The third and final iteration of the Barracuda was introduced as a 1970 model and lasted until 1974.  Abandoning both the delicate lines of the second generation and the fastback body, the lines were influenced more by the Camaro than the Mustang and it was wide enough for any engine in the inventory.  This time the range comprised (1) the Barracuda which could be configured with either straight-six or one of the milder V8s, (2) the Gran 'Cuda which offered slightly more powerful V8s and some additional luxury appointments including the novelty of an overhead console (though obviously not available in the convertible) and (3) the 'Cuda which was oriented towards high-performance and available with the 340, 383, 440 and 426 units, the wide (E-body) platform able to handle any engine/transmission combination.  Perhaps the best looking of all the pony cars, sales encouragingly spiked for 1970, even the Hemi ‘Cuda attracting over 650 buyers, despite the big engine increasing the price by about a third and it would have been more popular still, had not the insurance premiums for such machines risen do high.  With this level of success, the future of the car seemed assured although the reaction of the press was not uncritical, one review of the Dodge Hemi Challenger (the ‘Cuda’s substantially similar stable-mate), finding it an example of “…lavish execution with little thought to practical application”.
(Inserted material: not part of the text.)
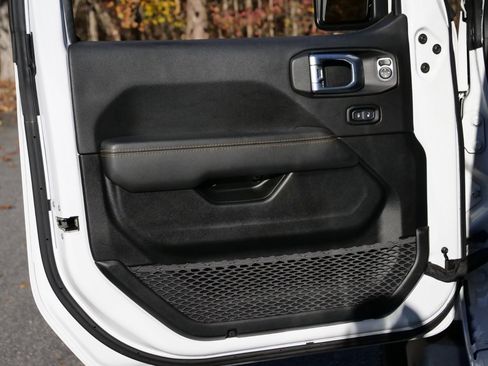 Used 2021 Jeep Wrangler Unlimited Sahara image 25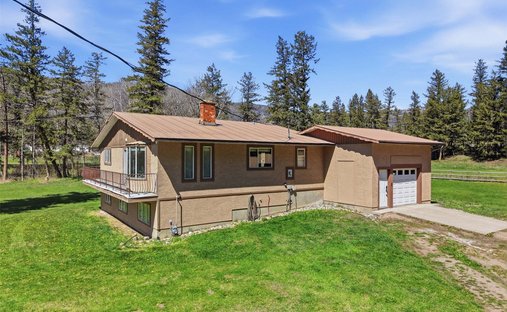 House in Westwold, British Columbia, Canada 1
1971 Plymouth 'Cuda Convertible

Circumstances however conspired to doom the ‘Cuda, the Hemi, the Challenger and almost the whole muscle car ecosystem.  Some of the pony cars would survive but for quite some time only as caricatures of their wild predecessors.  Rapidly piling up were safety and emission control regulations which were consuming an increasing proportion of manufacturers’ budgets but just as lethal was the crackdown by the insurance industry on what were admittedly dangerously overpowered cars which, by international standards, were extraordinarily cheap and often within the price range of the 17-25 year old males most prone to high-speed accidents on highways.  During 1970, the insurance industry looked at the data and adjusted the premiums.  By late 1970, were it possible to buy insurance for a Hemi ‘Cuda and its ilk, it was prohibitively expensive and sales flopped from around 650 in 1970 to barely more than a hundred the next year, of which but a dozen-odd were convertibles.
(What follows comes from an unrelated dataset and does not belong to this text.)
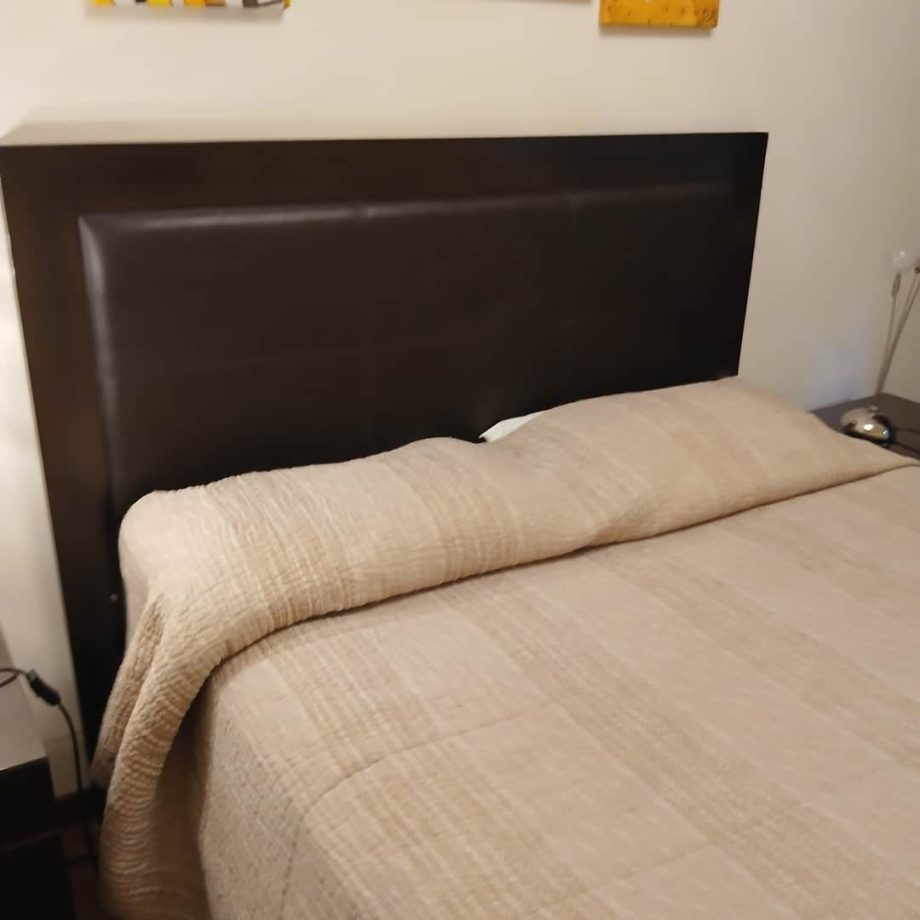 Respaldo en madera y eco cuero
It was nearly over.  Although the Barracuda survived, the convertible and the big-block engines didn’t re-appear after 1971 and the once vibrant 340 was soon replaced by a more placid 360.  Sales continued to fall, soon below the point where the expensive to produce E-body was no longer viable, production of both Barracuda and Challenger ending in 1974.  Even without the factors which led to the extinction however, the first oil-crisis, which began in October 1973, would likely have finished them off, the Mustang having (temporarily) vacated that market segment and the Camaro and Firebird survived only because they were cheaper to build so GM could profitably maintain production at lower levels.  Later in the decade, GM would be glad about that for the Camaro and Firebird enjoyed long, profitable Indian summers.  That career wasn't shared by the Javelin, American Motors’ belated pony car which, although actually more successful than the Barracuda, outlived it only by months.

1971 Hemi 'Cuda Convertible at 2021 auction

It was as an extinct species the third generations ‘Cudas achieved their greatest success... as used cars.  In 2014, one of the twelve 1971 Hemi ‘Cuda convertibles sold at auction for US$3.5 million and in 2021, another attracted a bit of US$4.8 million without reaching the reserve.